Plus de conseils aux OSC

Janca affirme que pour réduire le risque d’attaques de la chaîne d’approvisionnement, les responsables de la sécurité et les professionnels de la sécurité des applications devraient :

  • réduire la surface d’attaque autant que possible : installez uniquement les fonctionnalités et autres logiciels qu’ils utilisent, par exemple, désinstallez toutes les extensions VS Code qui ne sont pas utilisées et supprimez toutes les dépendances inutilisées du code ;
  • surveillez tous les postes de travail des employés pour déceler tout comportement anormal, en mettant davantage l’accent sur ceux qui disposent d’un accès privilégié, tels que les développeurs de logiciels.
  • appliquer le moindre privilège pour la gestion des identités et des accès, en particulier pour les machines des développeurs
  • mettre en œuvre un processus de gestion du changement rapide et efficace qui inclut les changements dans la chaîne d’approvisionnement logicielle ;
  • former les développeurs au codage sécurisé, à la protection de leur chaîne d’approvisionnement et à leur rôle lors de la réponse aux incidents, pour aider à prévenir de tels problèmes à l’avenir ou à réagir plus rapidement et avec plus de grâce
    Il existe divers outils d’analyse de sécurité qui peuvent être utilisés pour réduire les risques et détecter les problèmes avant qu’ils ne se transforment en incidents de sécurité, tels que les scanners d’extension, les scanners secrets, les outils de sécurité de la chaîne d’approvisionnement (SCA et SBOM) et la protection des points finaux ;
  • suivez les meilleures pratiques appropriées en matière de gestion des secrets, afin que les packages malveillants comme ceux-ci ne puissent pas récolter les informations d’identification ;
  • seuls les référentiels, marchés, etc. approuvés doivent être utilisés dans une organisation. Bloquez tous les emplacements inconnus ou non fiables pour télécharger du code, des packages, des images et des extensions ;
  • renforcer l’ensemble de la chaîne d’approvisionnement logicielle, et pas seulement les composants et le code tiers.
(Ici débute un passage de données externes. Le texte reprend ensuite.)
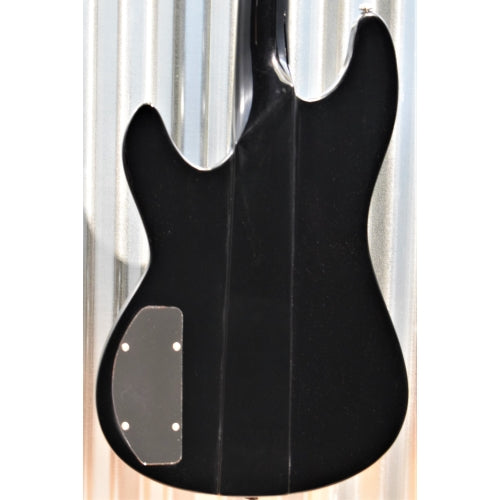 Hagstrom SUSWEB-BLK Super Swede Bass Gloss Back Bass Guitar & Case Demo #0230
Cela inclut des mises à jour régulières et le verrouillage de l’accès au CI/CD, aux IDE et postes de travail des développeurs, aux artefacts, etc.
  • pousser les gouvernements à fournir une solution à l’écosystème logiciel open source très peu sécurisé dont beaucoup d’entre nous dépendent. Ou encore, privilégiez les langages et frameworks de développement à source fermée, même si cela, admet-elle, n’aurait pas aidé dans ce cas, car .Net est une source fermée mais VS Code Marketplace ne l’est pas.